International Career: 1927 – 1947


I think if Bradman hadn’t come along, Walter Hammond probably would have been recognised as the greatest batsman of all time” Ian Chappell

 

“Wally was indeed cricket in excelsis” – Sir Neville Cardus

 

A stunning career, Walter Hammond is GOTG 13

Walter Hammond was the most dominant English cricketer from the late 1920’s up until the War. Strong, graceful and athletic, he was an imposing figure whose exploits with the willow have earned him a place alongside Bradman, Grace and Hobbs as one of the four greatest batters of all time.


Born in Kent, Hammond’s father was a soldier – meaning a young Wally and his family moved around with the regiment, ultimately travelling to China and Malta. Upon their return to England, when Hammond was a schoolboy and discovering an early prowess for cricket, the family settled in Gloucestershire – the County that had enjoyed the fruits of WG Graces labour, now primed for the flowering of another batting star.

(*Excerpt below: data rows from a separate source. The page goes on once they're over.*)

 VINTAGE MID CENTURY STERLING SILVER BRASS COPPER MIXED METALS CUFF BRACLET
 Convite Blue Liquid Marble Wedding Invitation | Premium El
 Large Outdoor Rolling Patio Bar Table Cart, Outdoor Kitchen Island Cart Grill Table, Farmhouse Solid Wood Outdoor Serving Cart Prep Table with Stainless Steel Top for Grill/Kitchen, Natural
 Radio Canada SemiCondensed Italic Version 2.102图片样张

Instinctively technically correct, Hammond did not seek out coaching as a young player. Instead, he simply allowed his natural gifts to flourish. Blessed with a certain physical presence, Wisden Almanack observes that “it was as if the bat weighed nothing in those purposeful hands,” as he took to hitting the ball hard to all parts. Such was his power that Sir Len Hutton said, “he could hit the ball as though it had been fired from a gun.” At this early stage, he was quickly identified as a player of promise. Sydney Parton, writing on Gloucestershire cricket in 1923, was effusive in his praise for the young batter: “Here we have in all likelihood one of the best professional batsmen of the future. Irreproachable in style and not yet 21-years of age, Hammond has all of the world before him.”

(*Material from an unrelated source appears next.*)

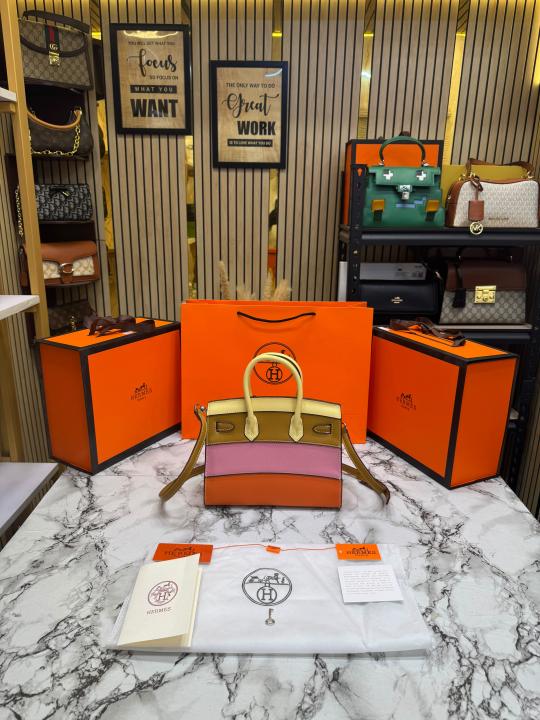Herme_s Limited Edition Colorblock Birkin Leather Top Handle Bag With Crossbody Strap Including Box And Carry Bag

Hammond commanded respect wherever he went: Internationalcrickethall.com

The praise, of course, was warranted. By this stage, Hammond had demonstrated his great power and technical ability. Though his greatest strength was his driving, he did, as a young player cut and hook the ball with aplomb. Cardus describes this early part of his career as “the first careless raptures of his youth,” contrasting with a more disciplined style that would typify large parts of his international stay. Delayed slightly by a serious illness contracted in the West Indies, Hammond endured a two-year lay-off, before returning as though he had not missed a beat; blasting a thousand runs in May of 1927; now primed for an international debut.

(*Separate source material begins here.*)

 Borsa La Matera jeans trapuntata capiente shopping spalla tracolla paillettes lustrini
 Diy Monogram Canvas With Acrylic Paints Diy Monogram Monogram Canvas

With a half-century in his maiden international, Hammond was steady in his first six months at Test level. His breakthrough series, however, came Down Under in 1928/29, when he amassed an astonishing 905 runs for the series. Demonstrating a level of maturity under the captaincy of Percy Chapman, Hammond eschewed the hook and the cut, forgoing his dashing stroke play and preferring to play in V – the straight lines between mid-on and mid-off. Measured at the crease, Cardus described him to have grown into a “composed, self-contained attitude.” One that only flourished as he developed as a Test batter, he goes on to observe that “like Hobbs, he modulated, as he grew older and had to take on heavier responsibilities as a batsman.” Responsibilities that sat comfortably with Hammond, he would blast over 7,000 international runs, with a stunning high score of 336*.  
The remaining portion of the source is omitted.